Exercise – Restate word for word the lines below from the one that has "批发S925银镀金新中式木鱼滴溜配件DIY原创设计手串项链百搭配饰" through the one that has "Estantería 5 niveles", keeping both and dropping all pictures.
*** Dataset records ***
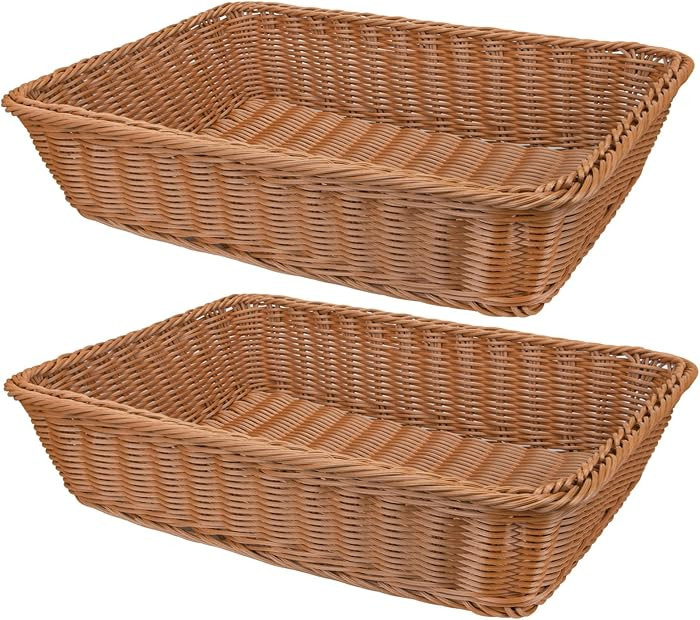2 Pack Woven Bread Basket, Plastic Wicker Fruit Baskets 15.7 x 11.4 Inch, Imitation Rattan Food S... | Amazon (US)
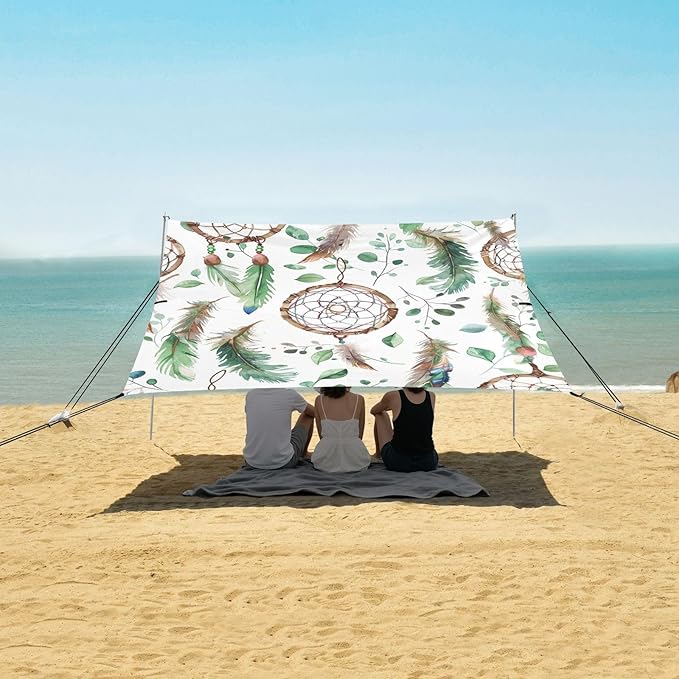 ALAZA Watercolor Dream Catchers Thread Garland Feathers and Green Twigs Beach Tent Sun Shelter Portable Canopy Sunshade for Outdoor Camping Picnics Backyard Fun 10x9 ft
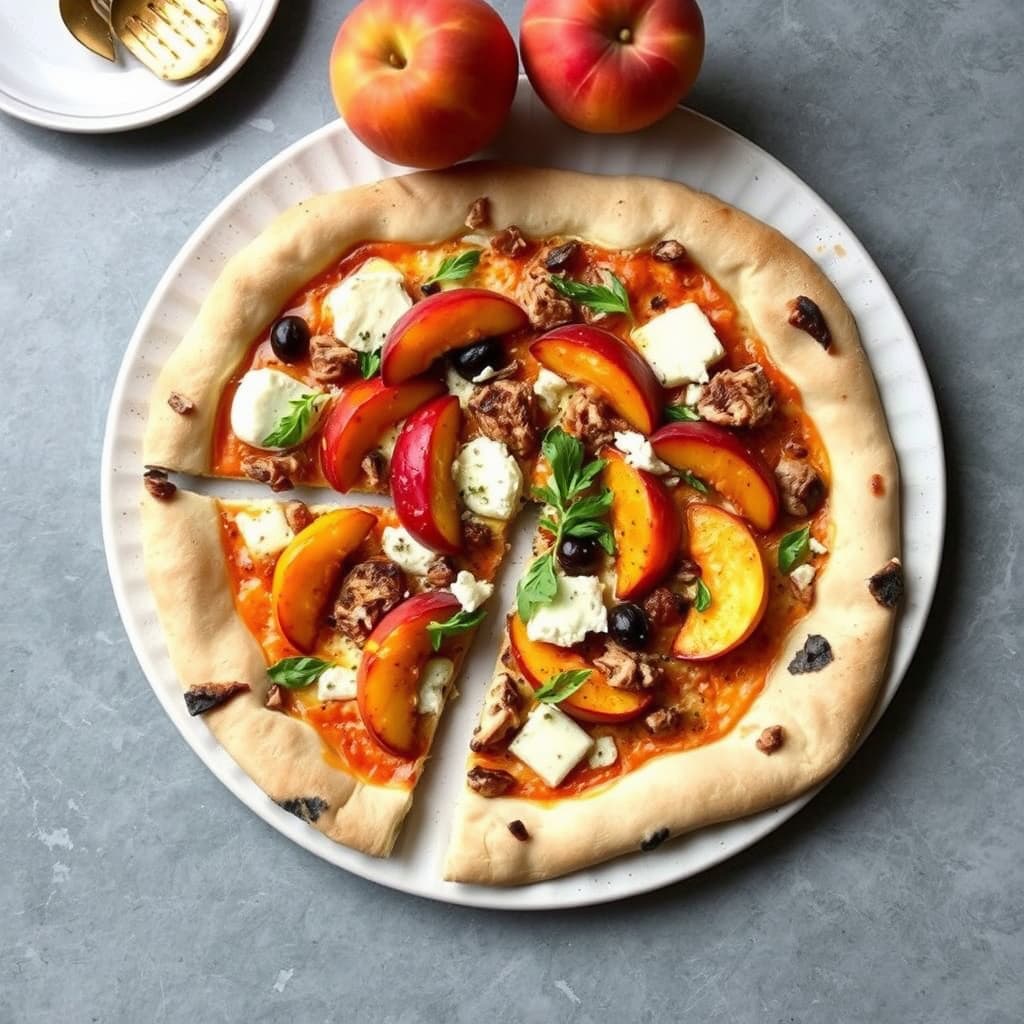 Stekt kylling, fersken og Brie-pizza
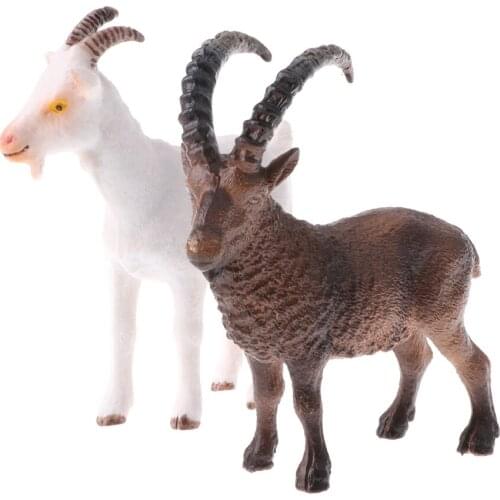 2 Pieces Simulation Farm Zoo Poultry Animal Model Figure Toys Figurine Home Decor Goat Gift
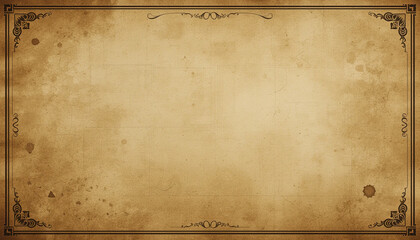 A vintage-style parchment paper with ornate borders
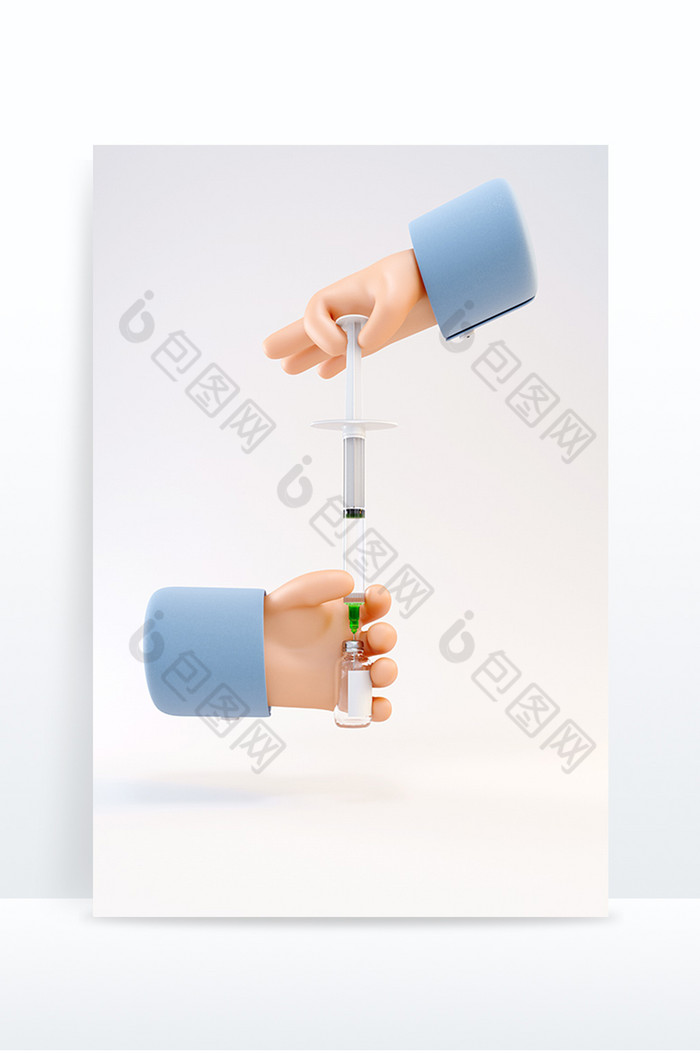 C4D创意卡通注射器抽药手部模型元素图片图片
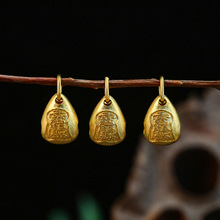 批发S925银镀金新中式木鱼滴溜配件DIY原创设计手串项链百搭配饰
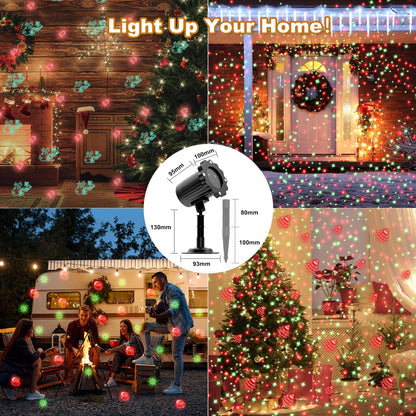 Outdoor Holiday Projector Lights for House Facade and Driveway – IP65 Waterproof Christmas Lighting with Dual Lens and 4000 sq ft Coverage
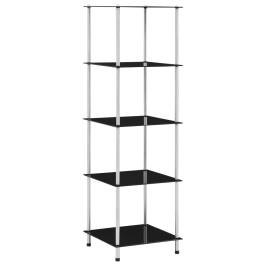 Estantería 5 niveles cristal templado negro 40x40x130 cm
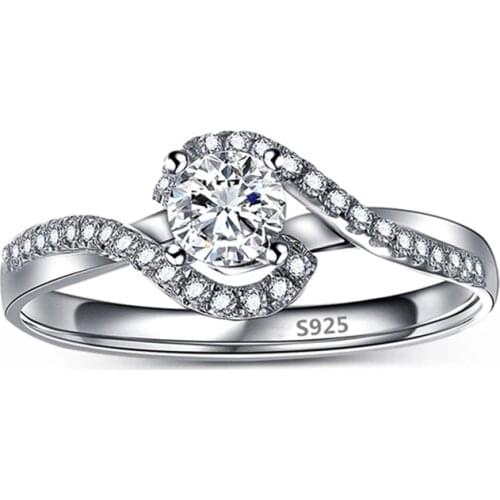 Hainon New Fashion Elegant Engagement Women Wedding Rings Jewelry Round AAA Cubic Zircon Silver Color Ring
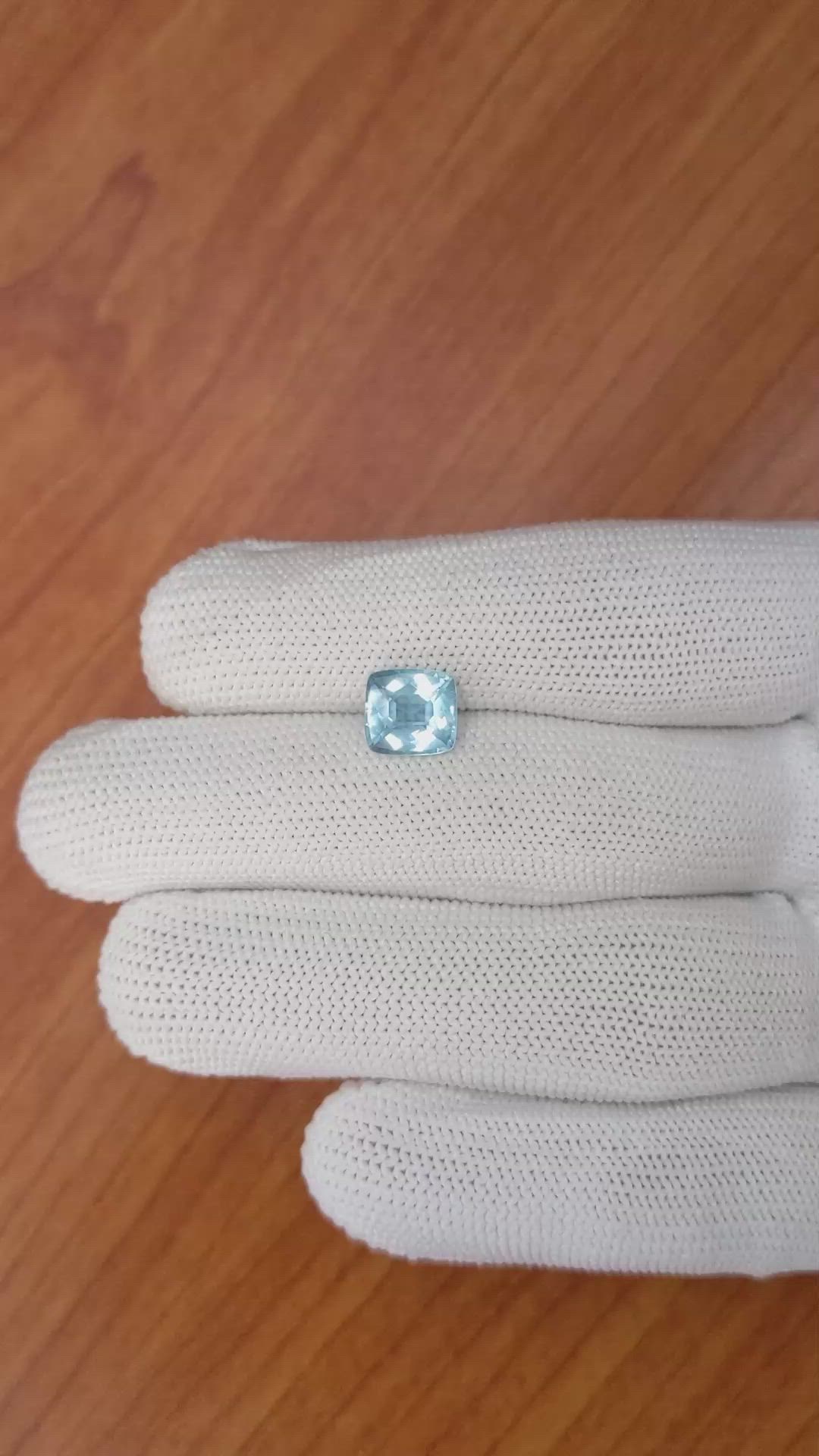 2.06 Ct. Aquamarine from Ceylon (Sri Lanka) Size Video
*** End of Dataset records ***
Written answer –
 批发S925银镀金新中式木鱼滴溜配件DIY原创设计手串项链百搭配饰
 Outdoor Holiday Projector Lights for House Facade and Driveway – IP65 Waterproof Christmas Lighting with Dual Lens and 4000 sq ft Coverage
 Estantería 5 niveles cristal templado negro 40x40x130 cm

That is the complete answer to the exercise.